• Data to use

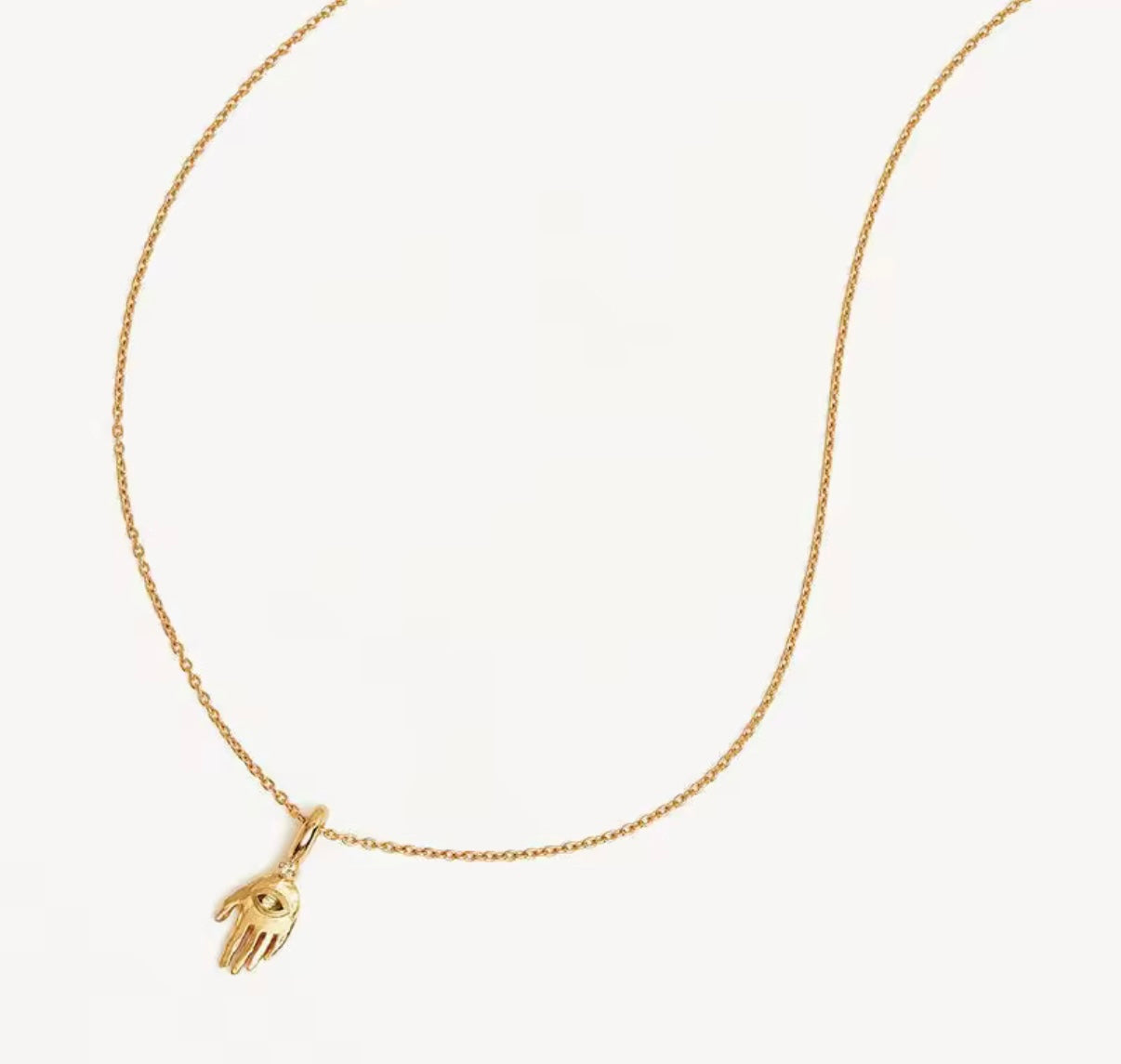 Hamsa hand necklace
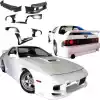 VSaero FRP RMAG Wide Body Kit 8pc for Mazda RX-7 FC3S 1986-1992 - Image 3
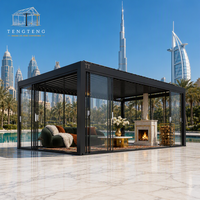Pergola extérieure manuelle en aluminium imperméable avec kit, structure thermolaquée, certifiée CE et conforme ROHS pour l'extérieur
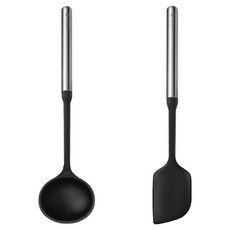 드부아 에클라 실리콘 조리도구 2종 세트, 혼합색상, 1세트, 국자 + 스파츌라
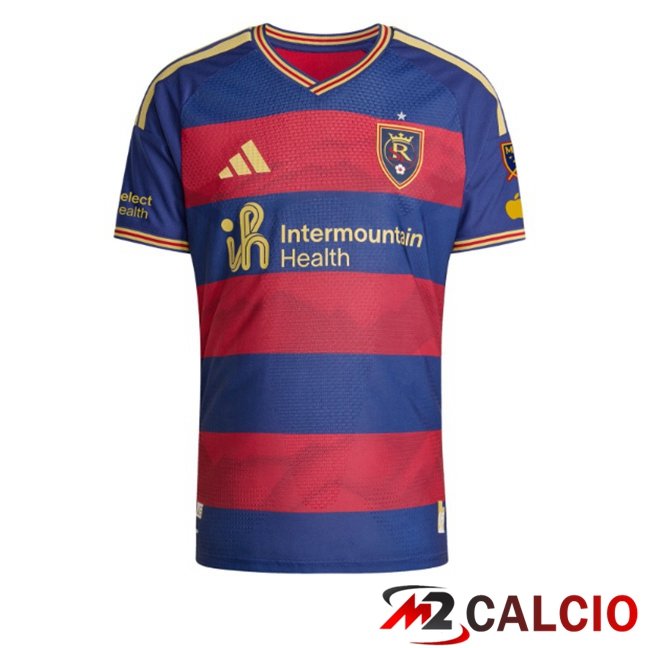 Maglie Calcio Personalizzate,Tute Calcio Squadre,Maglia Nazionale Italiana Calcio | Maglie Calcio Real Salt Lake Prima Rosso Blu 2026/2027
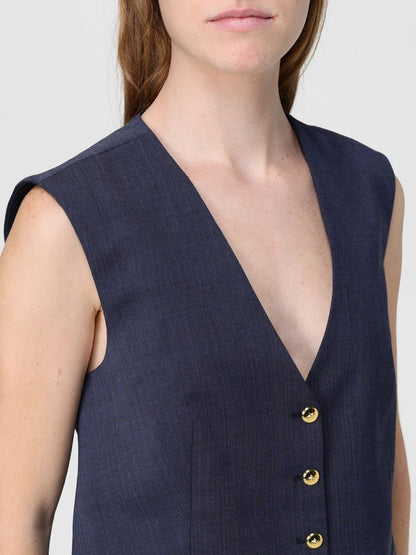 Pinko Waistcoat Woman Blue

• Task statement
From the first line to the last, transcribe the listing exactly; skip the pictures.

• Response to this task
 Hamsa hand necklace
 VSaero FRP RMAG Wide Body Kit 8pc for Mazda RX-7 FC3S 1986-1992 - Image 3
Pergola extérieure manuelle en aluminium imperméable avec kit, structure thermolaquée, certifiée CE et conforme ROHS pour l'extérieur
 드부아 에클라 실리콘 조리도구 2종 세트, 혼합색상, 1세트, 국자 + 스파츌라
 Maglie Calcio Personalizzate,Tute Calcio Squadre,Maglia Nazionale Italiana Calcio | Maglie Calcio Real Salt Lake Prima Rosso Blu 2026/2027
 Pinko Waistcoat Woman Blue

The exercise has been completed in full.